Since October 2013, I wrote about sixty thousand words of book four of Middle Hill, for my nanowrimo I wrote and sold The Care and Feeding of Sex Demons, then I wrote the first (bad) draft of No Mortal Business, the sequel to Coral Were His Bones, and wrote the first draft of the final book to the trilogy, Something Rich and Strange.
In 2014, I had three books that came out. In January, The Care and Feeding of Sex Demons, in May, Coral Were His Bones and in July, Middle Hill book one, Changeling. If that seems like a crazy amount of work, it was. Changeling came out on the fourteenth of July. After losing Trout at the end of May, I really needed to keep busy.
After two weeks of cutting out and rewriting from the ground up sixty thousand words from No Mortal Business which went from a rewrite request to an acceptance but whining that I hadn’t done anything new the whole year, Elisabeth found me eight anthology calls. Two were a short stories, six were novella lengths. I finished everything but one of the short stories. Between July 27th and October first, I wrote “Red Lettering,” which sold to MLR Press for Halloween, its sequel “Black Shades” which is coming out for Christmas, and Middle Hill book 1.5, “Some Assembly Required.”

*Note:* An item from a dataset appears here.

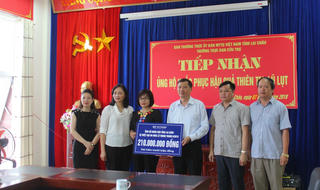 Bộ Tư pháp thăm và tặng quà đồng bào bị ảnh hưởng bởi thảm họa mưa, lũ tại Lai Châu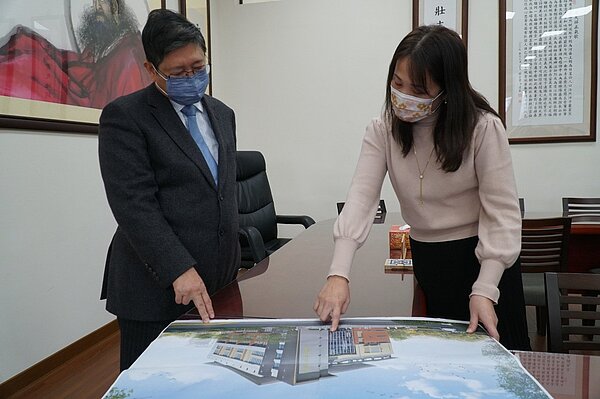 竹東全民運動館已進入設計規畫,有望下半年能發包動工,縣長楊文科及教育局長楊郡慈都關心進度。圖/縣府提供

I got one rejection back from the short story saying it was good but didn’t fit the anthology. Considering I had to cut a subplot out to make it fit under the six thousand word limit, “The Scent of Water” will be refurbished as a novella and ready to send out again. I really loved the world and the language.

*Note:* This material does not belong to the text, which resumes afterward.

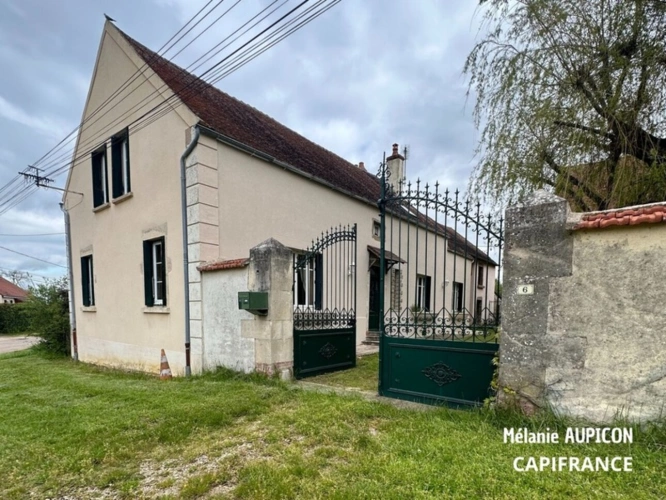 Photos 1 - Tourist - Propriete, ensemble de 2 maisons  et dépendances proche de SEMUR EN AUXOIS (21)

I have three novellas still out there. My favorite is Adult Worries, a submission to Samhain’s childhood fears anthology, about an alcoholic artist who has family issues to say the least, but I also love my novella sent to Lovely, Dark and Deep, a themed collection about the woods for Less Than Three called Before the Snow Falls (The Dead Walk) combining a starvation cult with wendigo legends and, finally, “Checking into Sodom,” a contemporary western with no speculative for an anthology call about random acts of kindness for Dreamspinner.
Since October 1st, I got “Red Lettering” through the editing process, “Black Shades” through the first round of edits and a good solid rewrite of Rabbit, in which I cut about thirty thousand words from the total.

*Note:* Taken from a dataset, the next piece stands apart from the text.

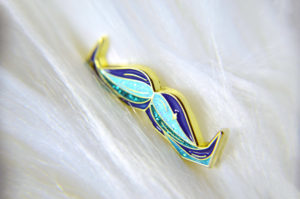 Pin's émaillé - Moustache bleu et paillettes soutien Movember made in France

It’s been a wild and crazy year and I can see all that work reflected in how much Rabbit has changed. It was never bad and at the time it was the best thing I had ever done, but that bar kept getting bumped up. Each novella I wrote was my most favorite story yet.
We spend so much time beginning stories and yet have so little practice middling and ending stories. The opening scene can only pique the reader’s attention. The middling and ending of the story is what sells the idea. Every single thing you write makes you a better writer. The difference between draft two and three of Rabbit are a million miles apart and the best part is, no one will ever know. Except you, right now, because I just told you. Who ever told you books aren’t written, they are rewritten was handing you the secret of how to write.